Maya Calé-Benzoor (also "Kalle-Bentzur"; מיה קלה-בנצור; born September 5, 1958) is an Israeli former Olympic runner and long jumper.

Calé-Benzoor set the Israeli indoor long jump record (6.13 metres). She was a medalist at the 1973 Maccabiah Games, and at the 1981 Maccabiah Games she won the gold medal in the long jump. She won a bronze medal in the triple jump at the European Masters’ Championships in 2001.

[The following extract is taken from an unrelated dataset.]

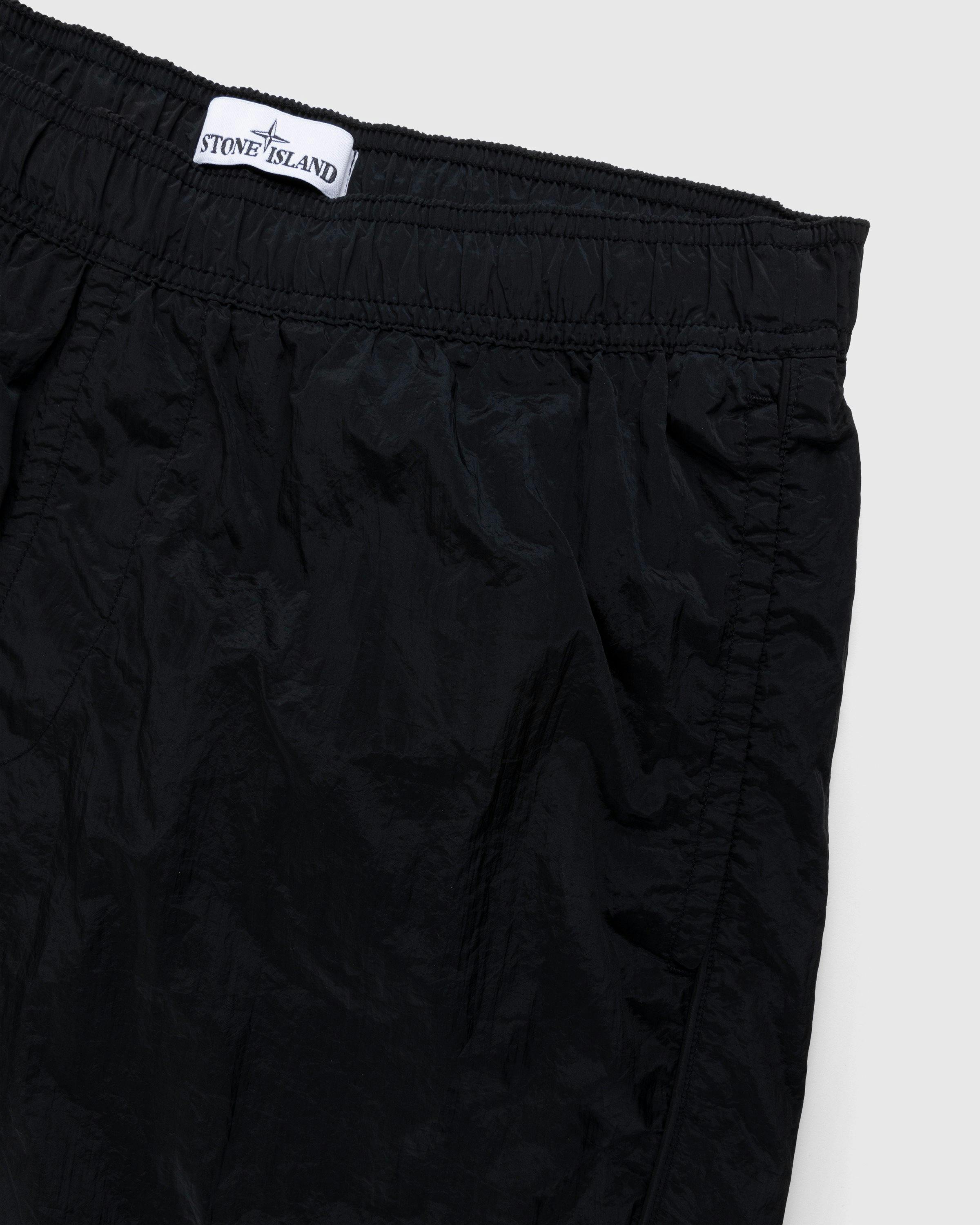 Stone Island - B0243 Nylon Metal Swim Shorts Black - Clothing - Black - Image 5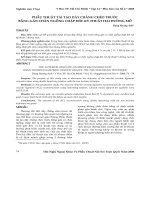 Tài liệu Phẫu thuật tái tạo dây chằng docx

She was born in Israel, and is Jewish.

==Education==
Calé-Benzoor has a B.Ed. in Physical Education from Northern Arizona University (1984), where she set the school outdoor long jump record at 20 ft 6 in, NAU records in both the women's indoor and outdoor long (20' 6".00) and triple jumps (41' 3".75), and 40' 5".00 in the indoor triple jump. She placed third in the triple jump at the 1984 NCAA Division I Outdoor Track and Field Championships meet. Calé-Benzoor was an NCAA All American in 1984. In 1989 she was inducted into the NAU Athletic Hall of Fame.

She also has a Diploma in Physiotherapy Studies from Wingate Institute in Israel (1981), a master's degree in Sport Injury Rehabilitation from Georgia State University in Atlanta, Georgia (1990), and a PhD in Welfare and Health Studies from Haifa University.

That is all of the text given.